ROS 7 is a dealbreaker for me, can’t put anything into production that’s running buggy beta software. And all these new CPUs seem to take a very long time to actually become stable, look at 4011, 2004… I really want to like the hardware but the software just can’t keep up.
Yes, RoS 7 is a problem today. Will not be in the future.
I think it will be easier with new hardware - Mikrotik looks like it’s using more and more closed binaries with RoS 7. The old kernel was so ancient that I believe several SOCs didn’t support it. Take a look at the WiFi: they are (will be) using the official blob, instead of making their own driver.
The same (I think) will happen with new hardware. At least, I hope so. 
But the device does not (yet?) support hardware IPSec, no?
I don’t know. There aren’t the test results to IPSec. Either it doesn’t support, or they didn’t test (yet). It’s using RoS 7beta too.
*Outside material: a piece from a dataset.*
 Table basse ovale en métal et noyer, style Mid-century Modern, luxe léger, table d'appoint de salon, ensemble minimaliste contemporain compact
Maybe this part isn’t completed?
Ipsec hardware results will be available on 5009 upon release of Ro8
I noticed a lot of new devices don’t have IPsec performance listed, so maybe the Big Mik is slacking off when it comes to this.
I’m more interested in real world speedtests for wireguard.
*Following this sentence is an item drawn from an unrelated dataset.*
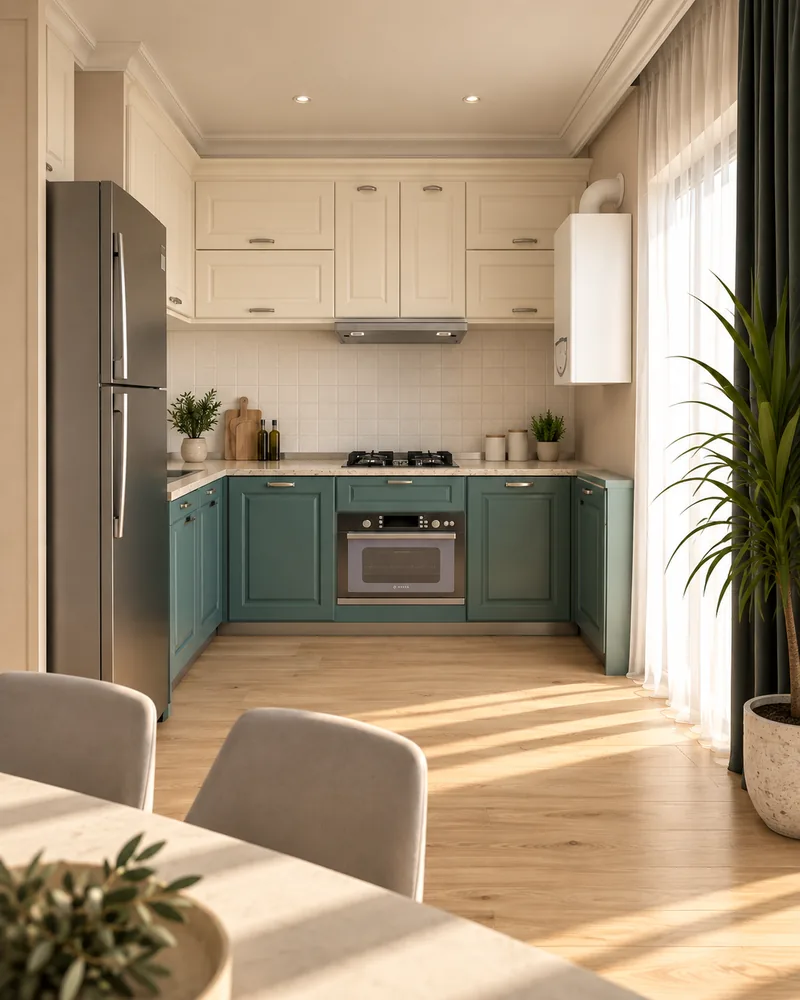Kitchen in a U layout with petrol-green shaker cabinets, cream upper units, gas hob, built-in oven and sheer curtains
Last time I tried wireguard on my CCR1009, I was really disappointed, so I moved the wireguard setup to a RPI4, which offered far better speeds.
I’m willing to switch to the new RB5009 or the new CCR2004, if they’re able to push at least 1Gb/s using wg.
Dreaming again??
On my setup I was able to get 300Mbps up and down.
Far better result than i would get on any other type of VPN.
1 gig network on either side, 15 km apart (same provider- fibre 1gig)
The 4011 can saturate a 500 Mbit/s connection eith IKEv2 with ease.
The 5009 processor does crypt and I saw Fips-140 somewhere.
Productbrief processor (PDF file): https://www.marvell.com/content/dam/marvell/en/public-collateral/embedded-processors/marvell-embedded-processors-armada-7040-product-brief-2017-12.pdf
Easily 700+ with GRE+IPSec on single tunnel.
And I’ve seen close to 1,2Gb on two tunnels combined for all destinations.
Good to know!
I thought wireguard was the cats meow, is the difference being that the RB4011 has a separate ipsec engine which wireguard does not use (or not coded to use)???
Wireguard can’t use the IPsec hardware acceleration, since it is geared towards RSA. The algorithm used by Wireguard (CHACHA20) doesn’t have - as far as I know - hardware acceleration on the SOCs used by Mikrotik. At least, yet.
But this would happen only with a new SOC. I’d say no less than 3 or 4 years from now, since the SOC maker would have to go through the development, and it will happen only after Wireguard gets enough market share.
Assuming it is a good idea to waste transistors with hardware acceleration - maybe it will be fast enough in software anyway.
Anyone who already got one of the new devices? I’d be really interested in a speed comparison between hw-accelerated IPSec and WG.
Well, I will settle for 300 considering it is so much easier than configuring anything else…(caveat with mountains of sindy support to understand the basics of the router to enable effective wireguard use).